The determinants of individual demand are as follows:
The price of the product.
When deciding whether or not to buy a particular product, an individual will compare the price of the product with the amount of utility or satisfaction that he or she expects to receive from the product. If the price is considered worth the anticipated utility, the individual will buy the product and if not, he will not buy it. A decrease in the price of a product will probably increase an individual's demand for it since the amount of utility obtained is more likely to be worth the lower price.

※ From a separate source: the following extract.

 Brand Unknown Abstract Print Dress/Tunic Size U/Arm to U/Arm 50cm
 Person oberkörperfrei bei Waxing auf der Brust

Conversely, a rise in the price of a product will probably result in a fall in demand, as the amount of utility received is less likely to be worth the higher price to be paid. An example of this phenomenon is the hotel industry in Kenya. There is usually an increase in domestic tourism during the low season when many Kenyans consider the lower hotel prices to be worth the level of satisfaction they are receiving. During the high season when the hotel prices are high, many Kenyans do not consider the satisfaction they receive to be worth the higher prices and hence they do not travel.
If the amount that a consumer is willing and able to purchase changes due to a change in the price, a change in the "quantity demanded" is said to take place.

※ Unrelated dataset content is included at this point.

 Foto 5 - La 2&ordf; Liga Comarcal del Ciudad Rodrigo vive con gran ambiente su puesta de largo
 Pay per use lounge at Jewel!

If on the other hand the amount that a consumer is willing and able to purchase changes because of a change in any of the determinants of demand other than price then a change in "demand" is said to take place.

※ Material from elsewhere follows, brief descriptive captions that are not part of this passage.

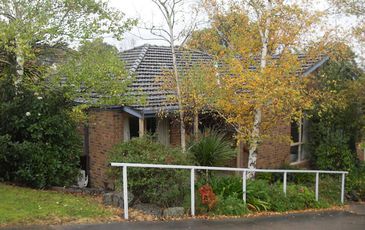 1 / 5 Camley Court, Berwick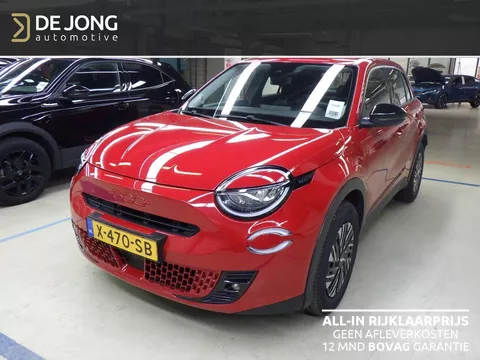 Fiat 600e RED 54 kWh Apple Carplay/Parkeersensoren/409km actieradius/GEEN AFLEVERKOSTEN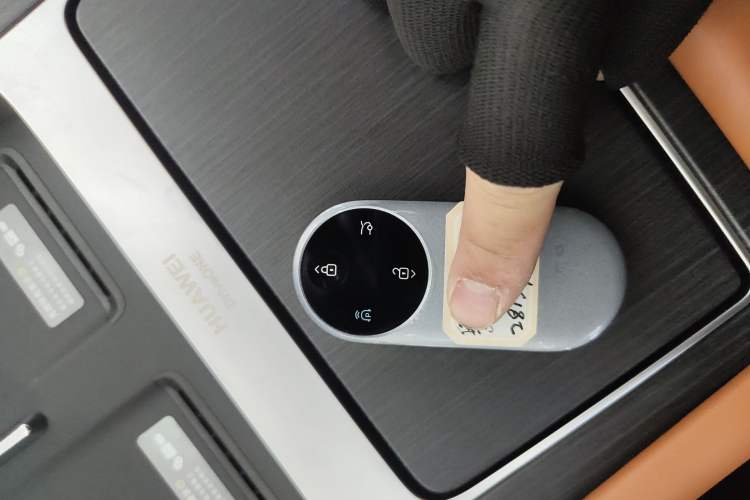 Used Hima AITO M7 2026 Model Range-Extending Ultra All-Wheel Drive 5-Seater Version
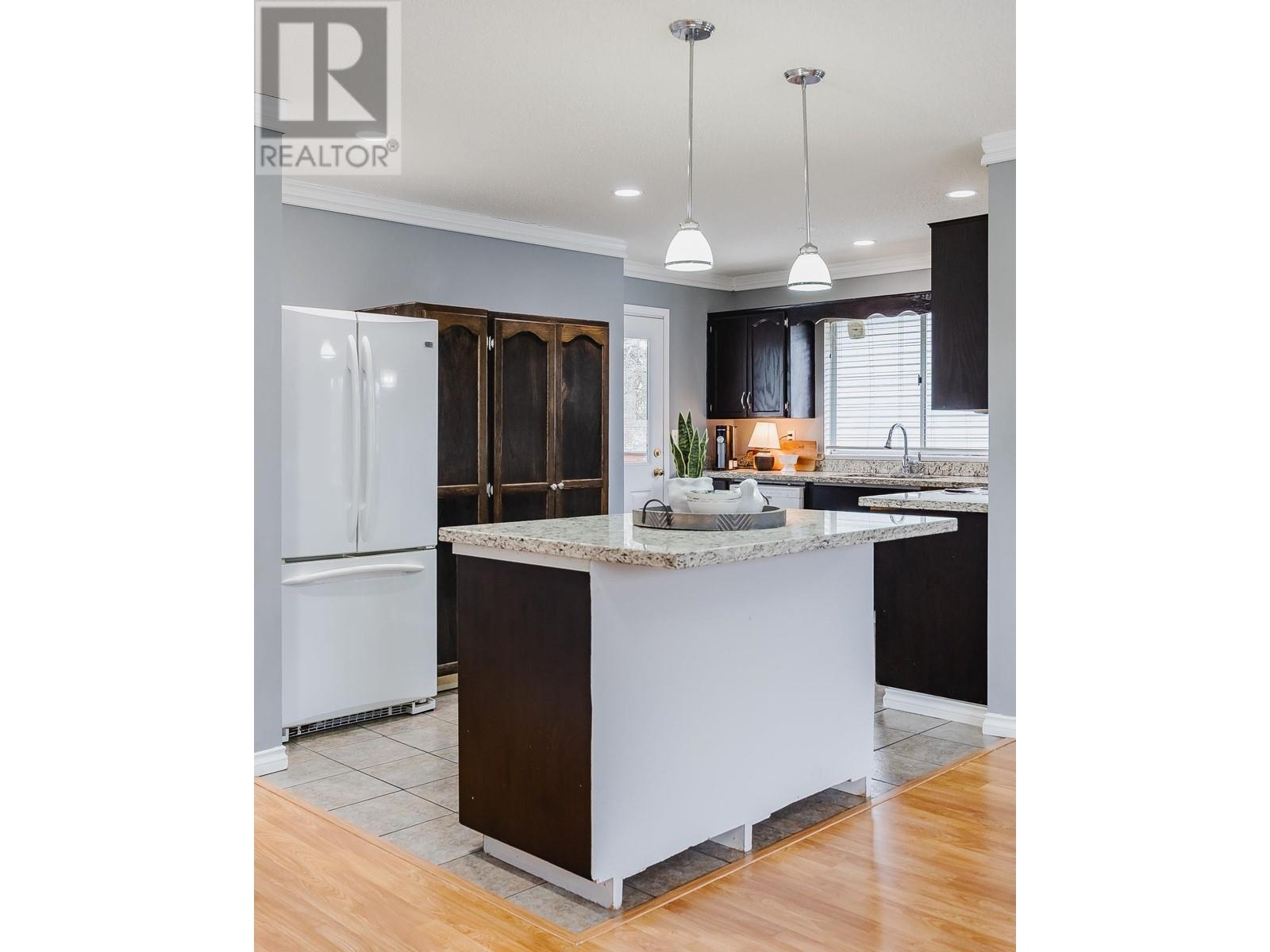 Property at 20492 THORNE AVENUE image 3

The prices of related goods which may be either substitutes or complements.
Two goods X and Y are said to be substitutes if a rise in the price of one commodity, say Y, leads to a rise in the demand of the other commodity X. This can be shown in Figure 3.1
Substitutes are commodities that can be used in place of each other.
Examples of substitute goods include:
Butter and margarine
Beef and mutton
A bus ride and a matatu ride
A mango and an orange
CDs and cassettes
Demand for some commodities can also be affected by changes in the prices of complementary goods.
Two goods A and B are said to be complementary if a rise in the price of one of the goods, say, A leads to a fall in the demand of another good, say, B.
Complementary goods are usually jointly demanded in the sense that the use of one requires or is enhanced by the use of the other.
Examples of complementary goods are:
Cars and petrol
Hamburgers and chips
Computers and software
Tapes and tape recorders
Bread and margarine
Demand is influenced by changes in disposable real income.
An individual's level of income can be said to have an important effect on his or her level of demand for most products.
If income increases the demand for most goods and services will increase especially the demand for better quality goods and services.
A rise in income may, however, cause the demand for some goods to fall.
Such commodities are referred to as inferior goods and comprise items like basic foodstuffs and cheaper clothing.
Demand is influenced by changes in tastes and fashion. Personal tastes play an important role in governing a consumer's demand with certain consumers. for example, preferring to consume imported commodities despite their being much more expensive than local commodities. Tastes may also change according to the season of the year. Prevailing fashions are an important determinant of tastes. The demand for clothing is, for example, particularly susceptible to changes in fashion.
The level of advertising is also an important determinant of demand. In highly competitive markets, a successful advertising campaign will increase the demand of a particular product while at the same time decreasing the demand for competing products.
The availability of credit to consumers. This factor especially affects the demand for durable consumer goods which are often purchased on credit. Changes in the terms on which credit can be obtained will have a marked effect on the demand for certain products like furniture and electrical appliances. For example, a decrease in the availability of credit or the introduction of more stringent credit terms is likely to lead to a reduction in the demand for some durable consumer goods.
Government policy. The government may influence the demand of a given commodity through legislation.
For example, making it mandatory to wear seat belts, the consumer will then buy more seat belts as a result.